Jim grinned, and proceeded to fill his pipe.
"Well, on the understanding that it goes no farther, I'll gratify your vulgar curiosity," he remarked. "After all, it's ancient history now, but there's no good stirring up mud, even if it were possible to do so. Presumably Sir George Hounslow is satisfied with his bargain, and it would be a pity to disillusion him. Though had he known at the time what I knew, infatuated though he was, I think that he would have thought twice about marrying her. I debated in my mind whether I'd tell him, and finally decided not to. There's quite enough trouble in this world already without making more, and anyway he wouldn't have believed me.
"You know, of course, what the situation was at that time. No? I thought it was pretty widely discussed by the Army out there. Well, in brief, though this point has nothing to do with Mrs. Dallas as she then was, the Germans had begun their tricks. They were working tooth and nail for a Jehad to take place in August 1914. A general revolt of Islam to coincide with the world war was their idea, and it is significant that one of their agents mentioned the actual date to me, eighteen months before. He thought he was talking to a fanatical Mahomedan and he became a little indiscreet.
"However, my job when I left you in Malta was a general contre-espionage one. To find out just how widespread the influence was and feel the pulse of the natives. There were ten of us on it, and between us we got in eight reports. Not bad going, especially as the two who were murdered were not really up to the standard required—poor devils. But that's another story altogether; let's get down to my Lady Hounslow.

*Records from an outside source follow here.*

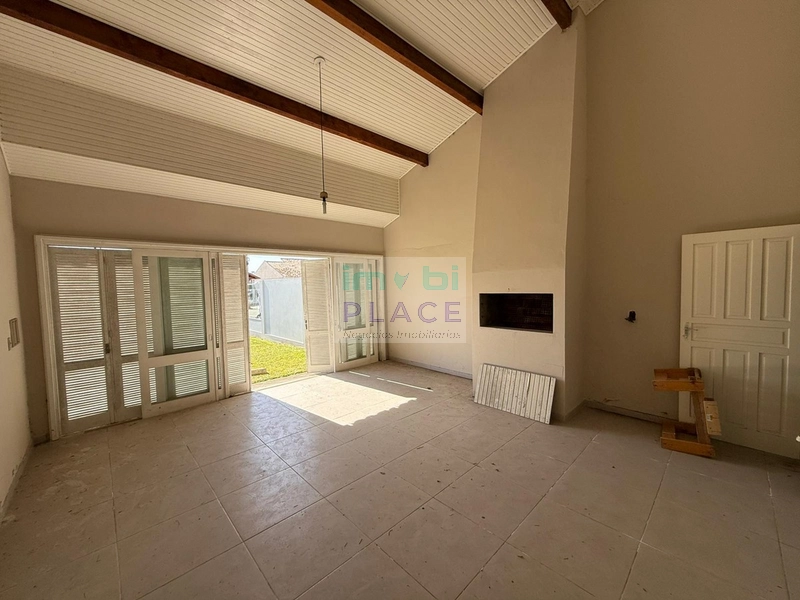 Casa Ampla com 4 Quartos: 15ª foto da galeria de imagens do imóvel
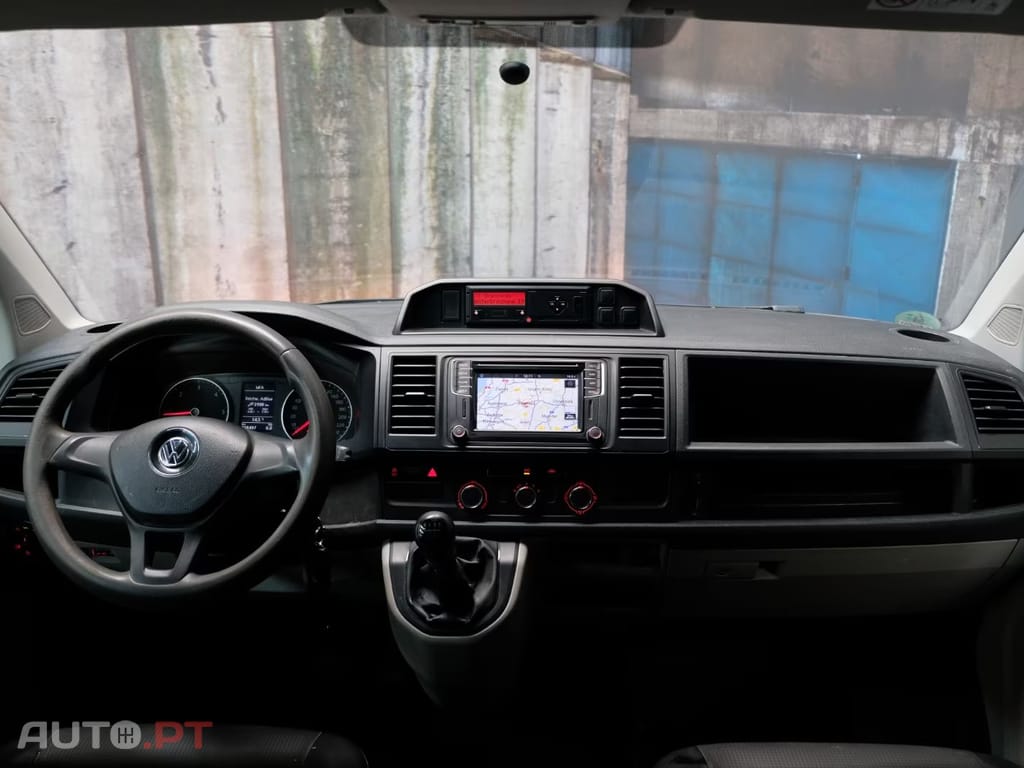 Volkswagen Transporter T6 2.0 TDI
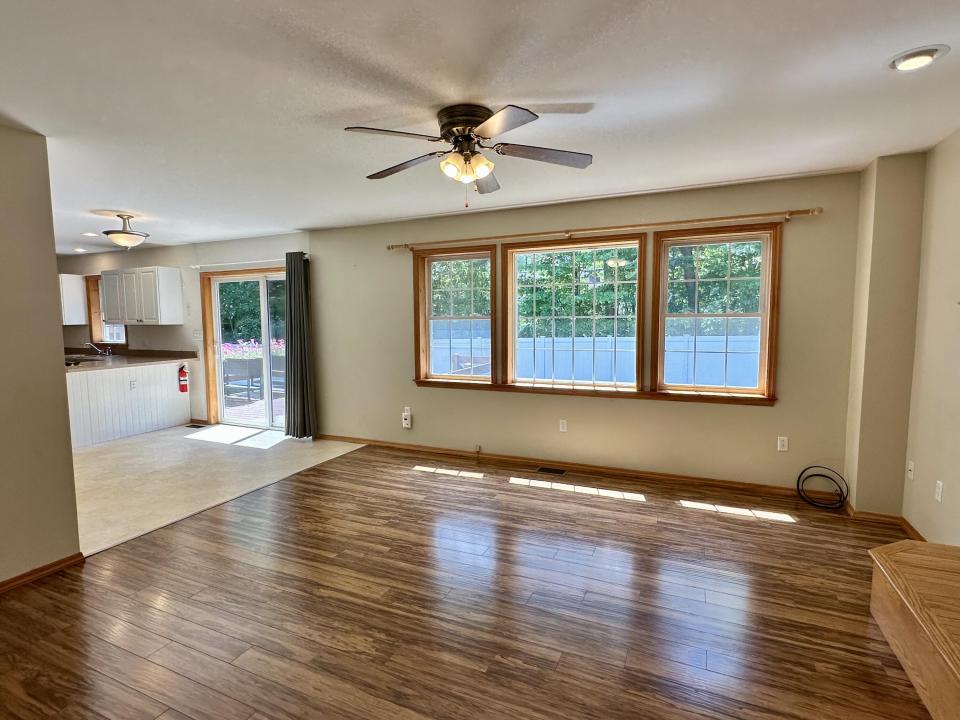 Family Room to Kitchen
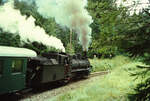 Regulärer Zug der Waldviertelbahn, ÖBB-Dampflok 399.03 fährt los in das wilde Waldviertel.
Datum: 20.08.1984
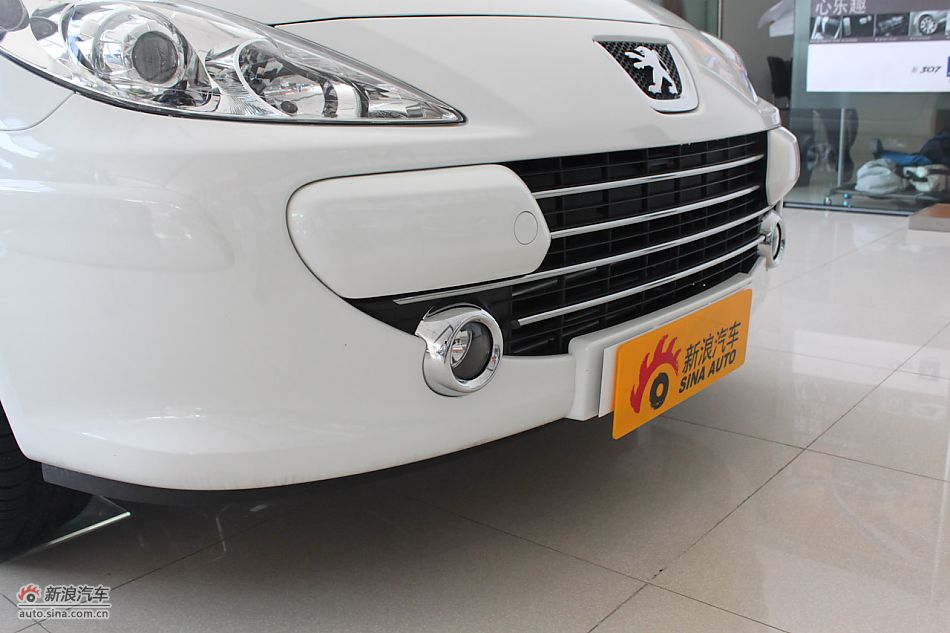 新标致307三厢外观细节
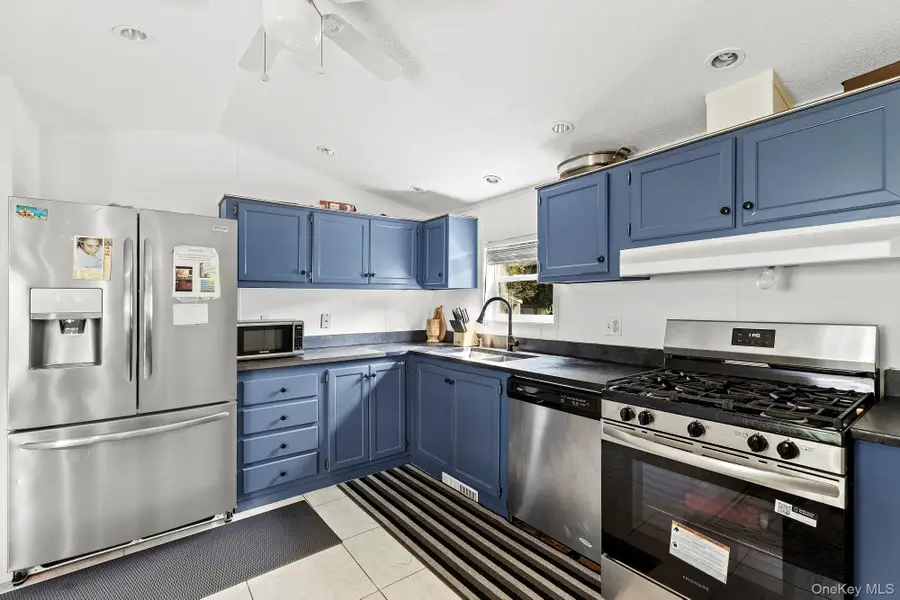 105 Oakview Hwy #180, East Hampton, NY 11937 - #2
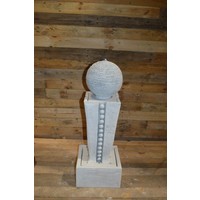 thumb-Modern abstract waterornament met bol op betonnen pilaar-1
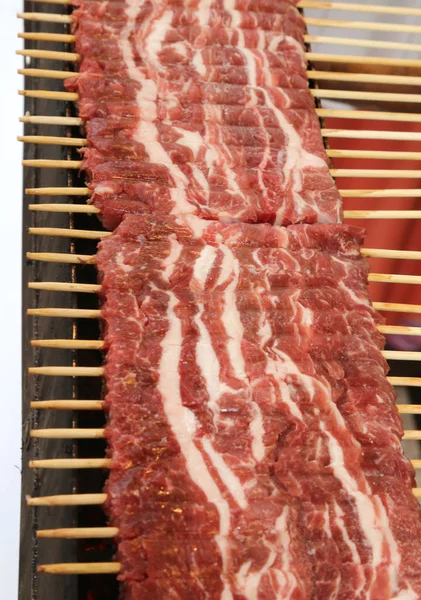 Heleboel vleesspiesen van lamsvlees gekookt op de brazier — Stockfoto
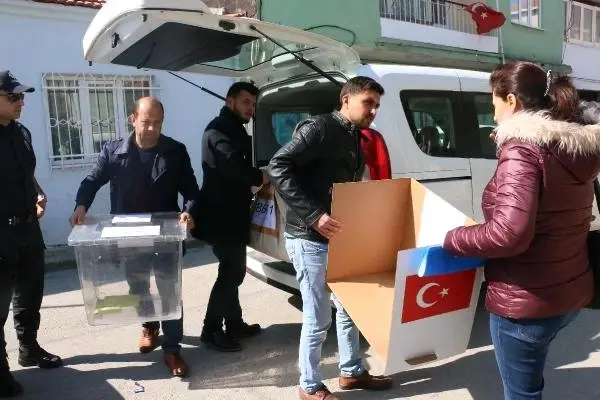 Oyunu Seyyar Sandıkta Oy Kullandı Oyunu Seyyar Sandıkta Oy Kullandı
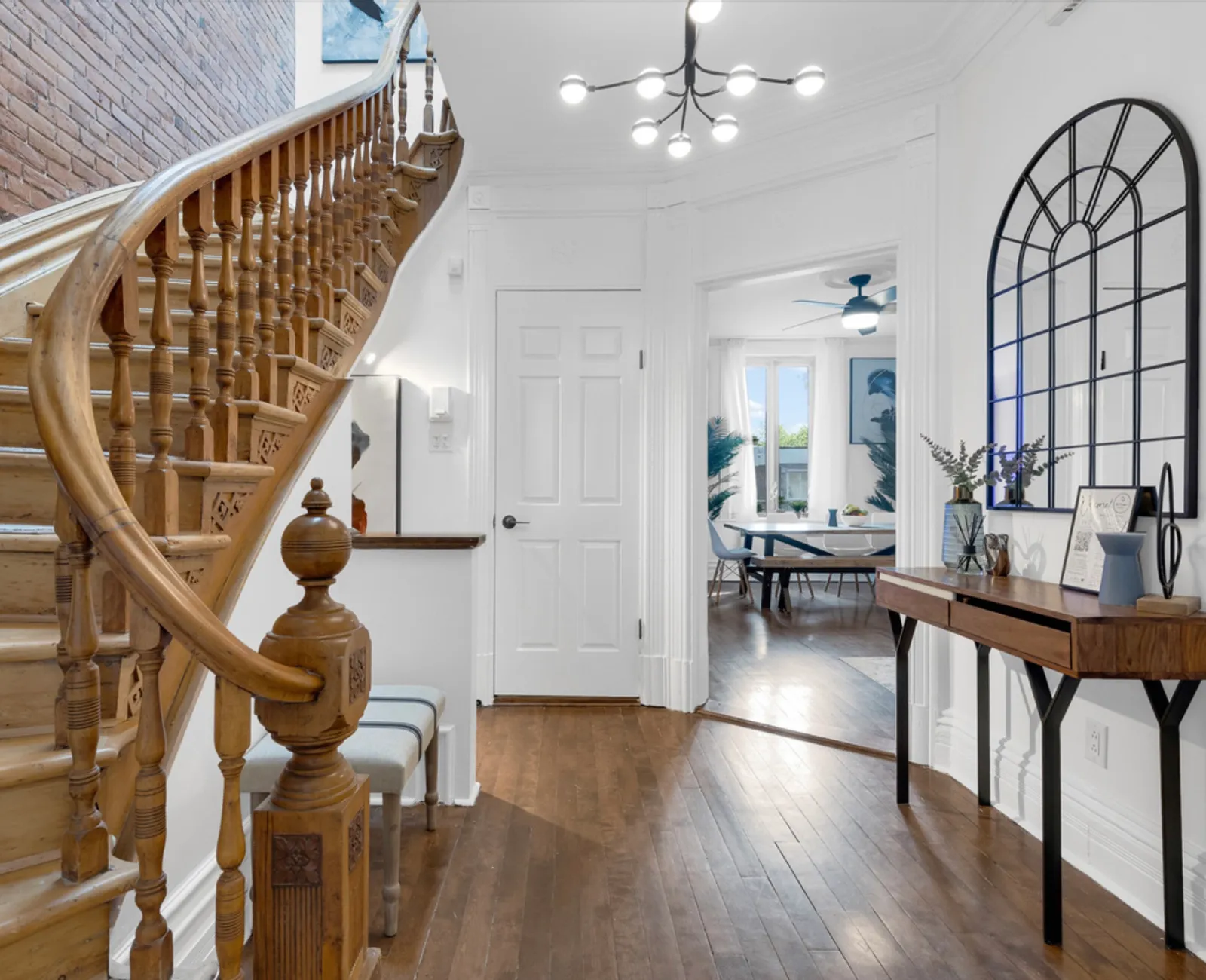 Victorian Downtown Getaway — property photo 1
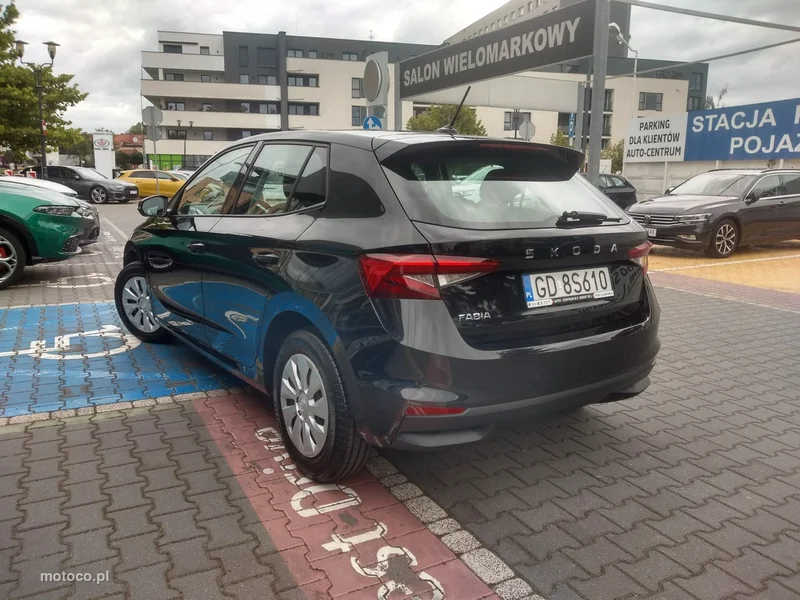 Skoda Fabia IV 5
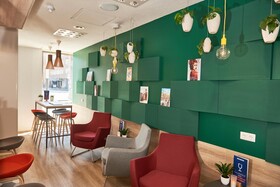 Holiday Inn Express Amsterdam-City Hall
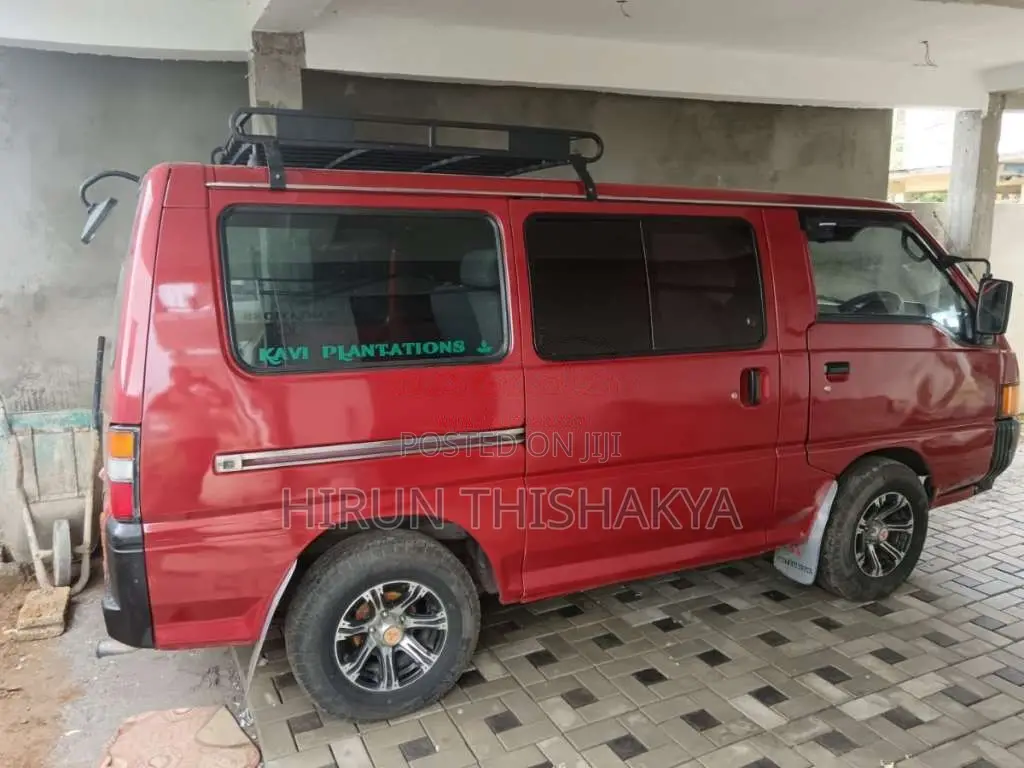 Mitsubishi L300 PO5 1990 Van (Used)
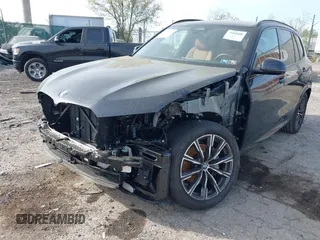 2025 BMW X5 xDrive40i z VIN 5UX23EU04S9Y37497, wystawiony jako IAAI lot #42124797 z przebiegiem 6 256 mil mil oraz . Historia ofert i sprzedaży dostępna na DreamBid. Obrazek 6.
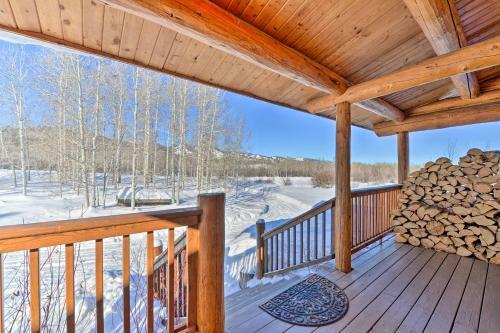 Southwestern-chic Cabin With Sweeping Mtn Views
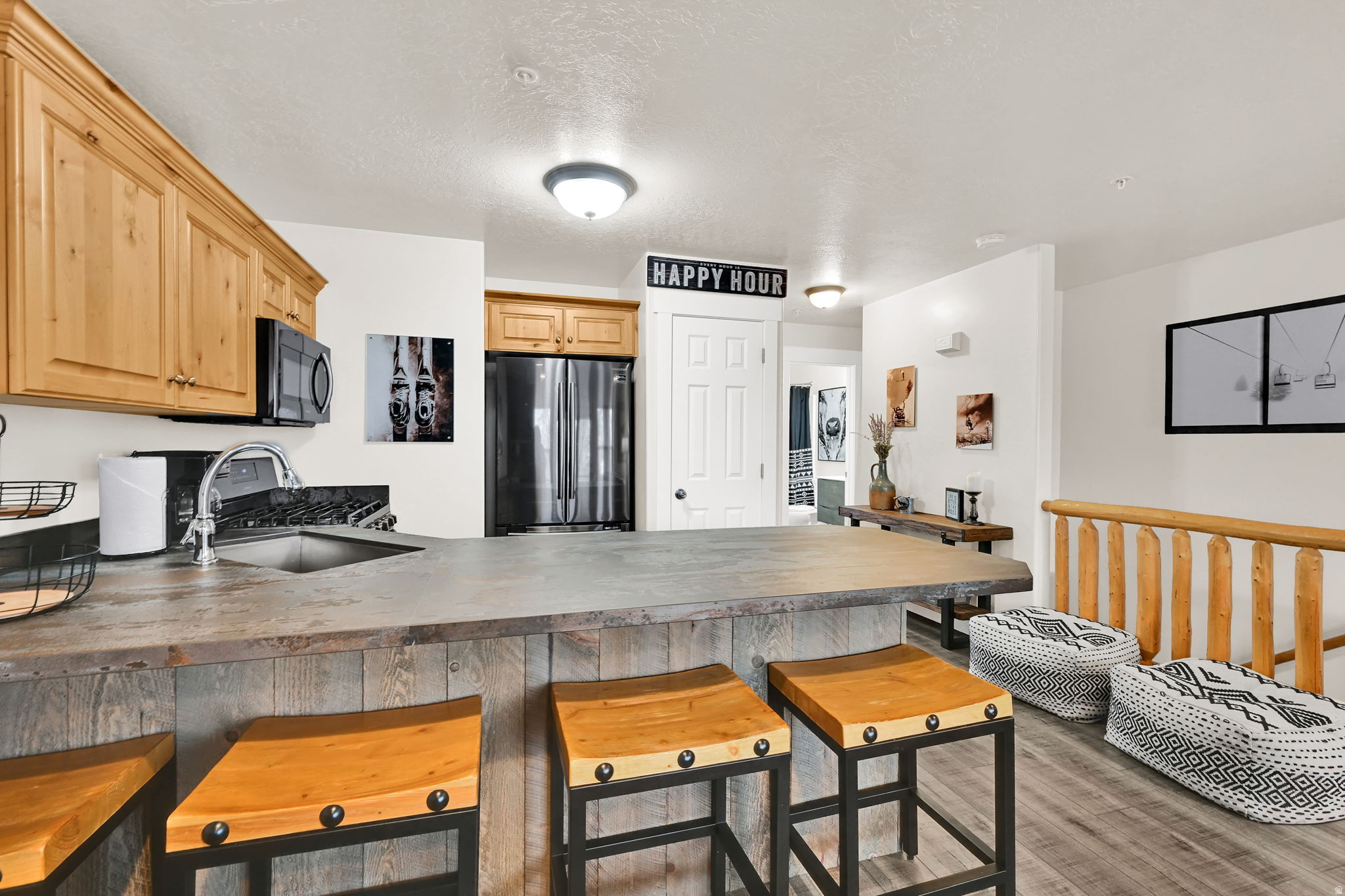 MOOSE HOLLOW - Residential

"He was known as No. 10—the man who lived many days' journey up the White Nile. Who he was exactly, no one knew; at least if anyone did it was not shouted abroad. Officially his name was Brown, and he was new to me. But I found that everyone else who was on the game knew him, and I also found that headquarters in Cairo placed great reliance on him.
"Three years previously he had suddenly appeared on the scenes out of the blue, and there he had remained ever since—buried. With the help of a little quinine and a few simple medicines he had established a big reputation as a doctor amongst the natives. And the Powers That Be kept him supplied with those medicines—because a reputation of that sort amongst the natives is a valuable asset when it is held by the right man.
"It was Victor Head, I think, who first discovered that he was the right sort of man. He ran across him by accident, and got from him some information which at first sight seemed to be not only unlikely but absurd. And it turned out to be correct. Then another fellow sampled him, and once again he put up the goods. Certain inquiries were made, and in due course he became Number 10. I confess I was a little anxious to see him. He was quite a young man, I gathered, and it seemed strange for a young man to bury himself in such a way, however much he might be actuated by a desire to serve his country.
"And so, in due course, I met him. He was doctoring a couple of natives at the time, and having given him the usual Arab greeting, and the sign by which those in the game can recognise one another, I sat down on the ground and studied him. I placed him at about five and thirty—a thin, wiry, sunburnt man. To all outward appearance he seemed fit and healthy, but there was something about him—it was his eyes, I think—that made me wonder whether the man called Brown would have been accepted by an insurance company as a first-class life.